Nos preguntamos por el valor significativo de algunos vocablos: ‘graciosamente' es igual a "de manera graciosa", entendiéndose por este concepto "que se da gratuitamente", como en "Lo concedió graciosamente", o "que resulta agradable a la vista": "Se lo otorgaron graciosamente" y "La modelo se mueve graciosamente". ‘Graciable' es un adjetivo que tiene como significado "que se puede otorgar sin sujeción a precepto": "Esas son pensiones graciables". ‘Graciosidad' es igual a "ocurrencia, chiste, broma": "Todo el espectáculo consistía en una graciosidad tras otra". ‘Gracieta' es un hecho divertido y constituye una palabra usada con sentido irónico y despectivo: "No me venga con esas gracietas". Y, por supuesto, la vinculación con ‘gratitud', que no es otra cosa que el "sentimiento que obliga a una persona a estimar el beneficio o favor que otra le ha hecho o ha querido hacer, y a corresponderle de alguna manera": "A ella, eterna gratitud". Por su lado, ‘agraciado' se dice del que tiene buena suerte, del que es bien parecido y del que es simpático: "¡Qué agraciado ha resultado ese sujeto!".

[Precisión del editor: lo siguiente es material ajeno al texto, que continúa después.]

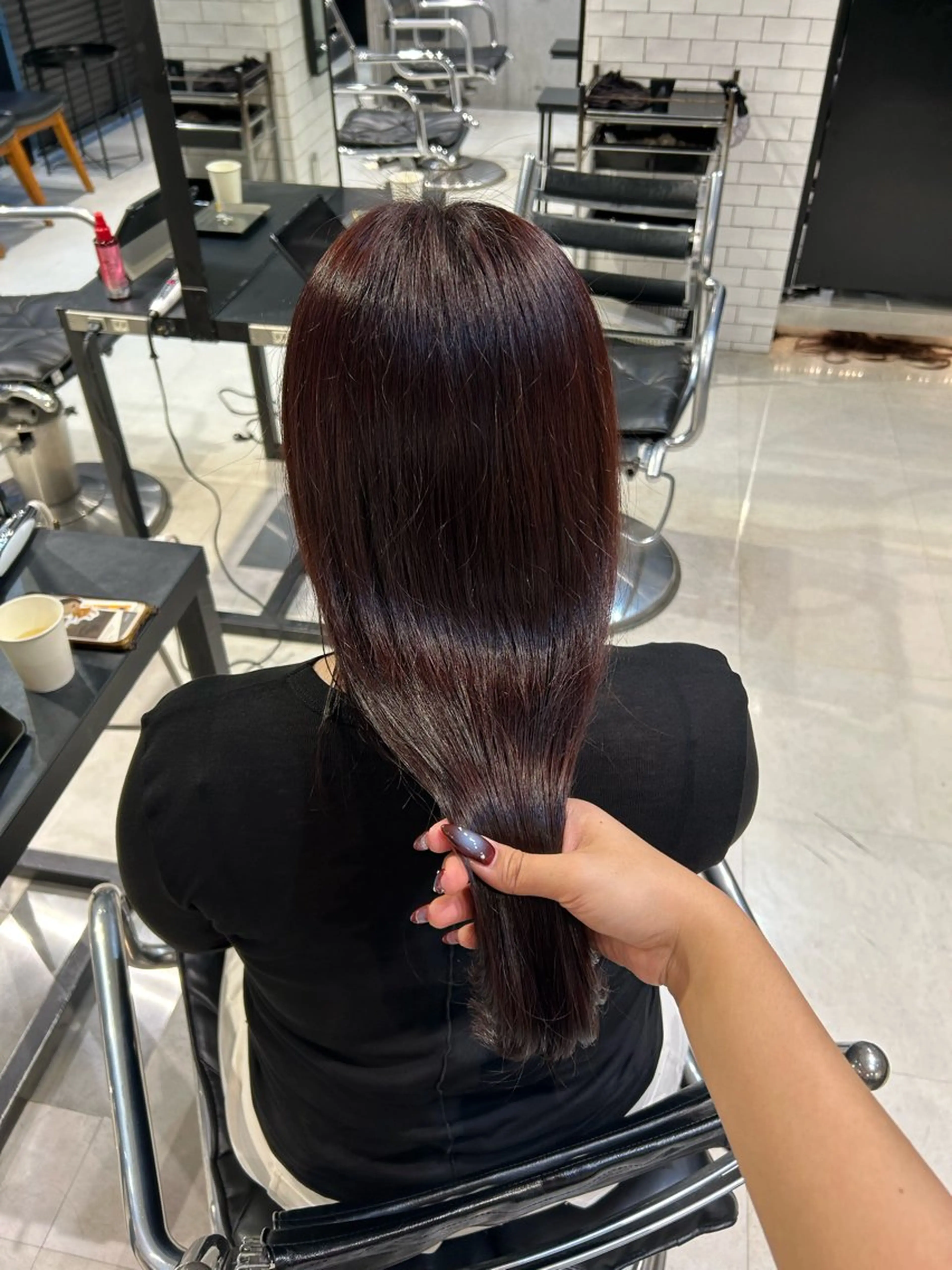 ロング カラー ヘアアレンジ ヘアカラー トリートメント ボブ艶モテカラー🫧 カリンのヘアスタイル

Como vocablo contrario encontramos ‘desgracia' o "situación de infelicidad, suceso que produce dolor, mala suerte": "Atraviesa un largo período de desgracia". La locución ‘por desgracia', con valor adverbial, equivale a "para infortunio de alguien o algo": "Por desgracia, aún no identifican a los culpables de ese crimen". En cuanto al adjetivo ‘desgraciado', tiene el valor de "que implica o produce desgracia", referido a una cosa, como en "Se trató de un caso desgraciado"; si, en cambio, alude a una persona, equivale a "que se encuentra en una situación lamentable": "Nos conmovía, en la puerta del templo, un anciano desgraciado y solo". En México, se usa ‘desgraciadez' como sinónimo de "vileza, ruindad, mezquindad". Y ‘desgraciadamente' es el adverbio de modo sinónimo de "desdichadamente".

Unimos los dos conceptos -gracia y desgracia- en una reflexión final, que dejo a cada lector para su consideración: "Reaccionar con gracia cambia la desgracia".